Dataset extract >>
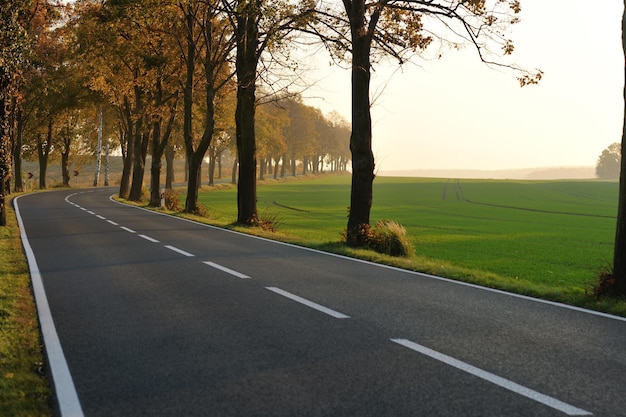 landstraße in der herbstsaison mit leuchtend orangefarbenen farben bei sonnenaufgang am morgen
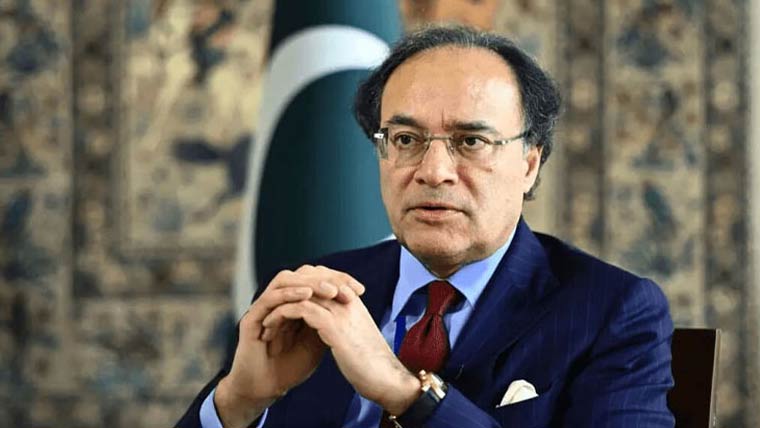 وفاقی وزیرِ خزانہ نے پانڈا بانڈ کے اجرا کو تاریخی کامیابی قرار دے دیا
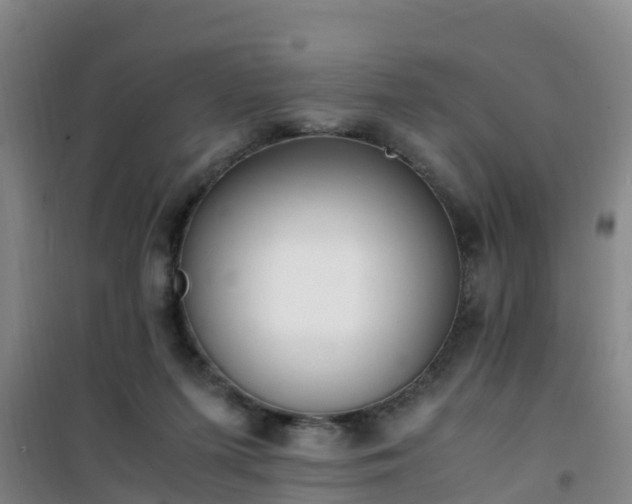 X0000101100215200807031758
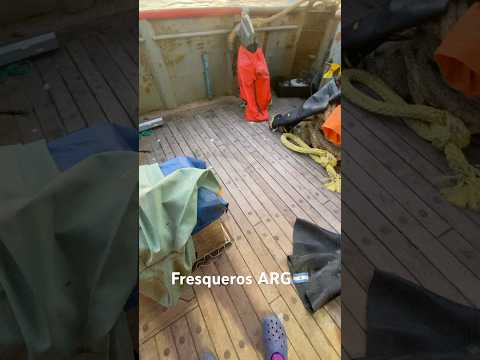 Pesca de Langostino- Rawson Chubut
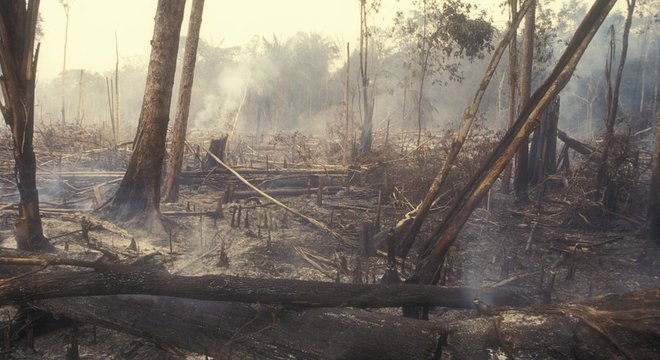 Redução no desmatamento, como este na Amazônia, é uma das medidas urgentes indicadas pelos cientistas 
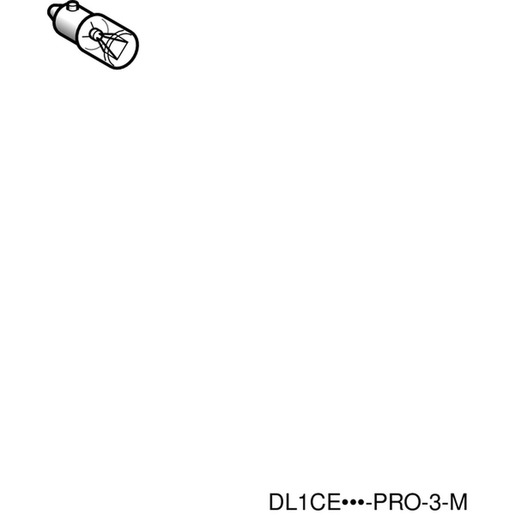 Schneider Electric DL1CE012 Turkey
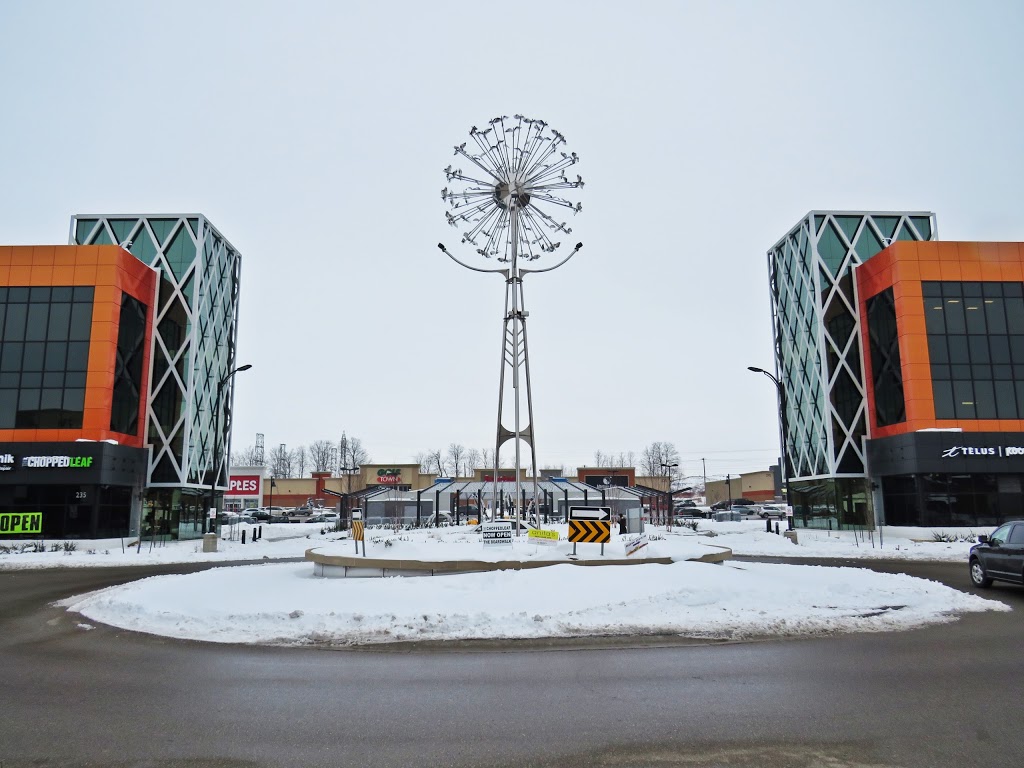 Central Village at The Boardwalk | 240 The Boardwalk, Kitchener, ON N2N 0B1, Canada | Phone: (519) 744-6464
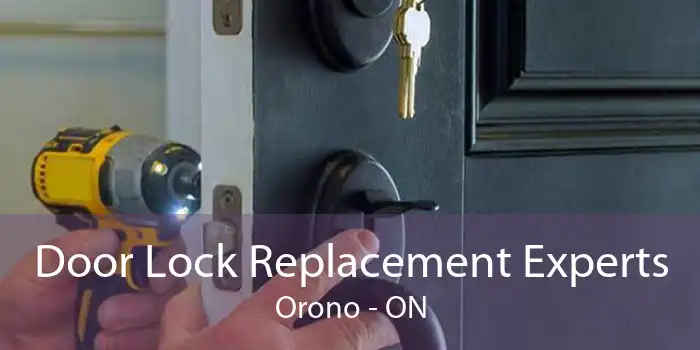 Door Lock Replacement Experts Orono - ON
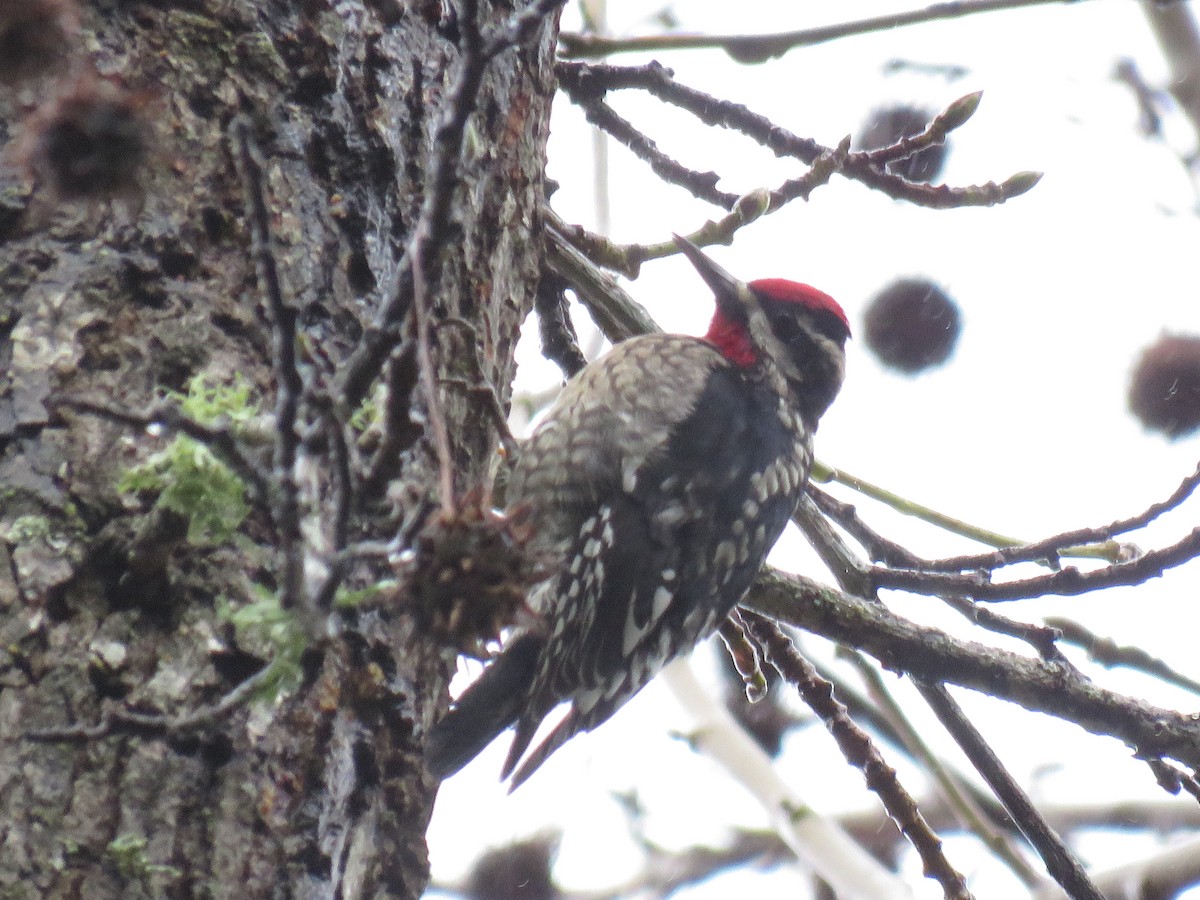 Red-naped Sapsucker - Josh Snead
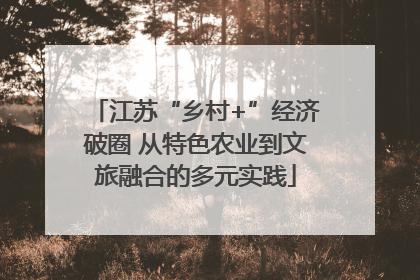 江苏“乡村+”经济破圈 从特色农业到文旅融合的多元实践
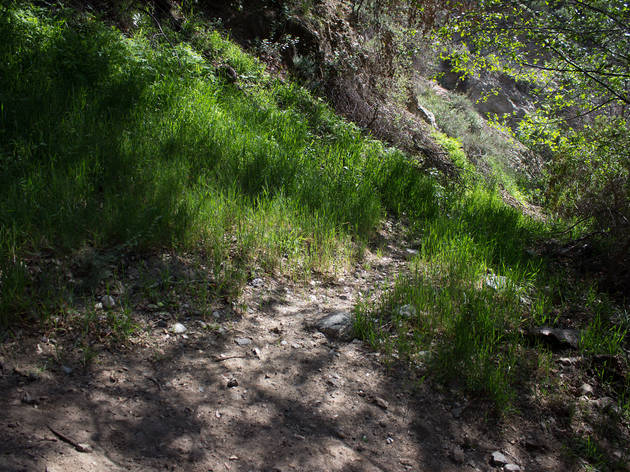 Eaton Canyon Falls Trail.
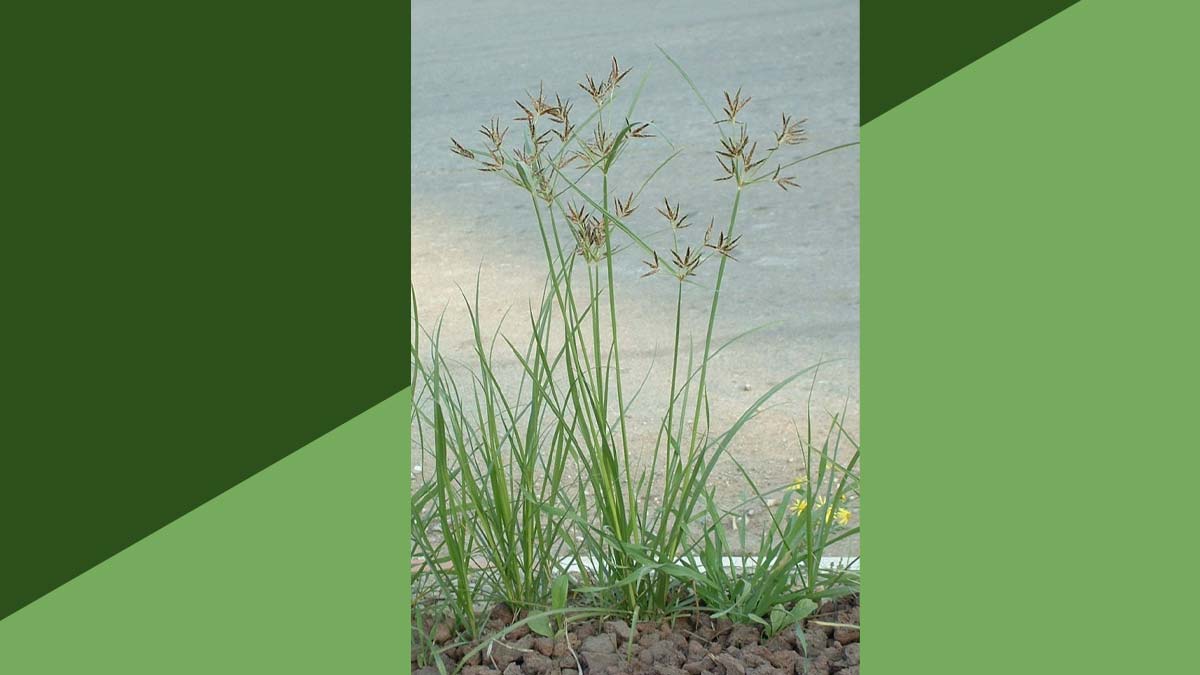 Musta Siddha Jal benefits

Prompt >> Leave out all pictures and output each line exactly, from the top of the records through the line that holds "Pesca de Langostino- Rawson Chubut".

Solution >>
 landstraße in der herbstsaison mit leuchtend orangefarbenen farben bei sonnenaufgang am morgen
 وفاقی وزیرِ خزانہ نے پانڈا بانڈ کے اجرا کو تاریخی کامیابی قرار دے دیا
 X0000101100215200807031758
 Pesca de Langostino- Rawson Chubut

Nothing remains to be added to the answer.